When Congress returns after the elections, some of the hottest battles between lawmakers are likely to be within the Republican Party about who will get what seats on the House Armed Services Committee.

While House GOP members and staff are largely resigned to getting whupped next month, they also know that they can remain something of a force by hammering away at the Democrats in the role of loyal opposition. And the HASC will have a lot of holes to fill.

Here's the quick and dirty: the top Republican on the committee (known as the ranking member), Rep. Duncan Hunter (R-Calif.) is retiring, as is the second ranking GOP member, Rep. Jim Saxton (R-NJ), who heads the powerful airland subcommittee.

That means a battle for the top slot and those are usually great fun for those of us watching. Today, Rep. John McHugh (R-NY) and Rep. Mac Thornberry (R-Texas) are the likeliest candidates to replace Hunter. McHugh has the most seniority and is ranking member on the military personnel subcommittee, where he is respected for his detailed knowledge of the issues and his rational approach to the issues.

Thornberry has made intelligence and joint forces issues his specialty. He is a dogged legislator and has helped craft several important pieces of legislation, including the first draft of the bill that led to the Department of Homeland Security and one that led to the creation of the National Nuclear Security Administration, a single agency overseeing security at the disparate facilities that build and design nuclear weapons.

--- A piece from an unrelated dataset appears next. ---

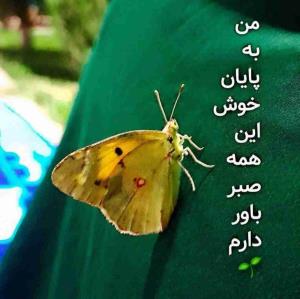 🌱شبتون پر از آرامش 🍂🍃🍁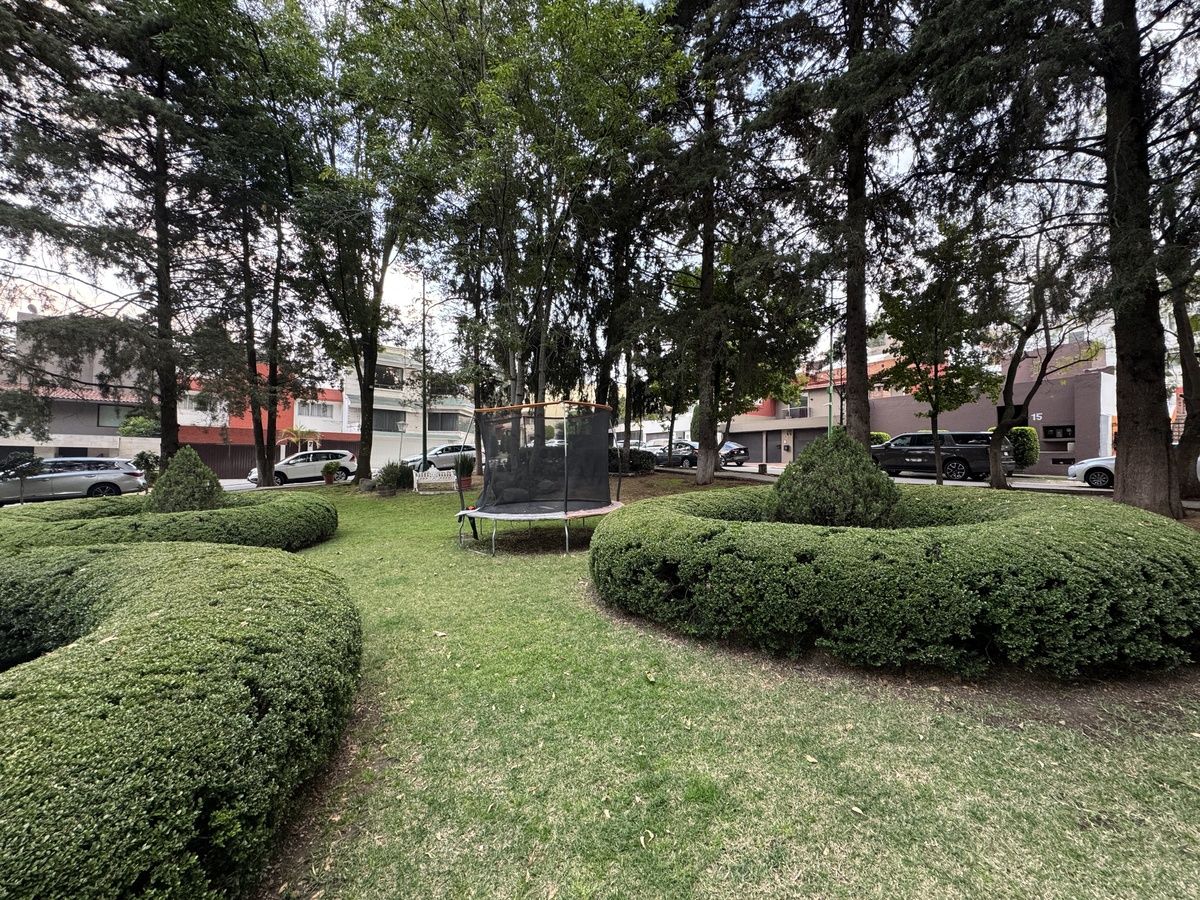 49 de 50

This all gets very complicated because McHugh and Thornberry also both serve on several subcommittees at the House Permanent Select Committee on Intelligence. Thornberry has more seniority at the HPSCI and there is the possibility of several openings on his subcommittees since Rep. Terry Everett (R-Ala.) is retiring at the end of this session.

Everett's retirement sets in play openings on both Armed Services and the HPSCI. He is ranking member of the House Armed Services strategic forces subcommittee, where Thornberry also serves. If Thornberry does not become the HASC's ranking member, he would have a good shot at becoming ranking member of the strategic forces subcommittee. He would be helped by the strong influence of intelligence issues (such as classified satellites) on the nuclear and space issues with which the subcommittee grapples.

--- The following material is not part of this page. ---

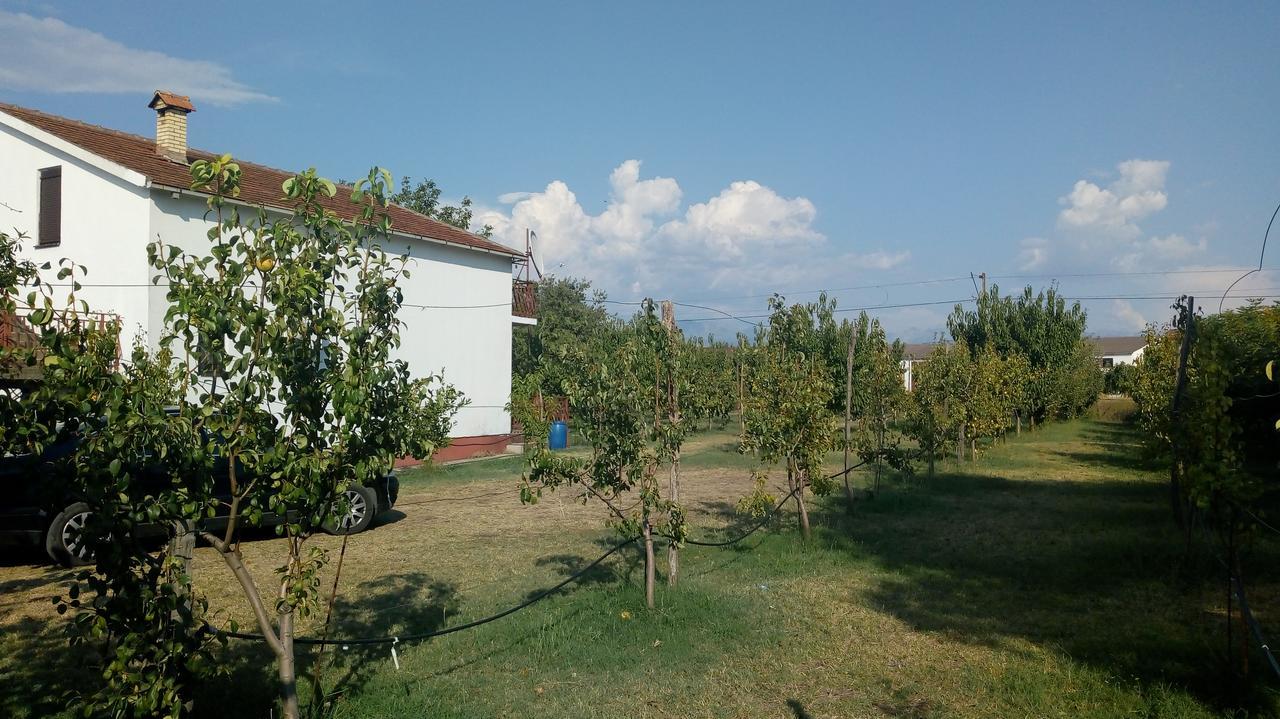 פודגוריצה Airport Home Radinovic מראה חיצוני תמונה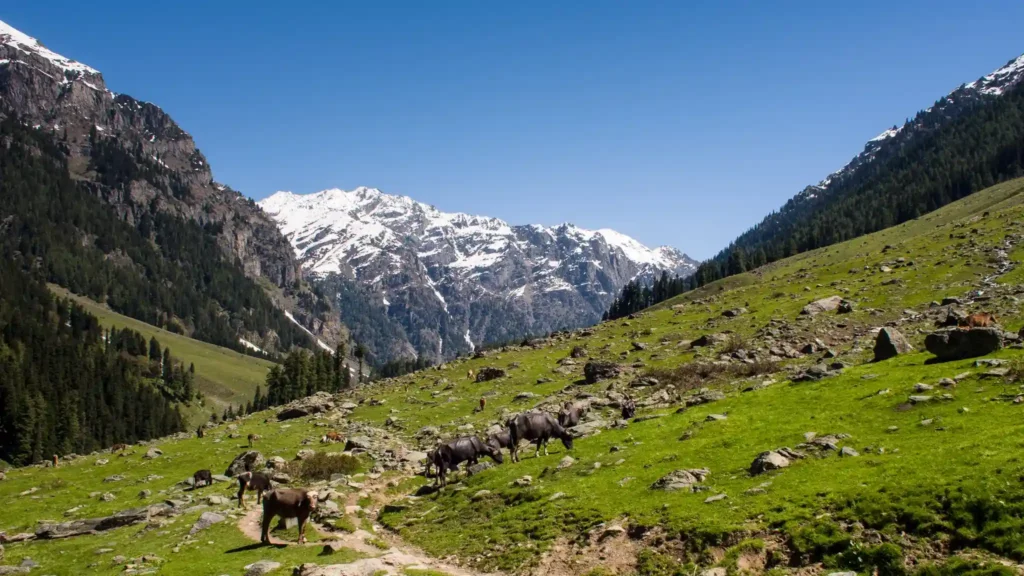 Aru Valley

Thornberry would have at least one opponent should he try for ranking member on strategic forces, Rep. Trent Franks, (R-Ariz.). Franks, who has publicly discussed his intent to become ranking member on strategic forces, is a passionate Reagan Republican. He made missile defense his signature issue this session in the House. However, Franks has little seniority and would have to have luck on his side to move so far up on the committee ladder. He is also not known for his skills at compromise and that could hurt him. That said, Franks does have supporters on the committee and has worked hard at mastering the complex political and technical issues surrounding missile defense.

The airland subcommittee ranking spot that Saxton is vacating is most likely to go to Rep. Roscoe Bartlett (R-Md.), who will be second only to McHugh in committee seniority.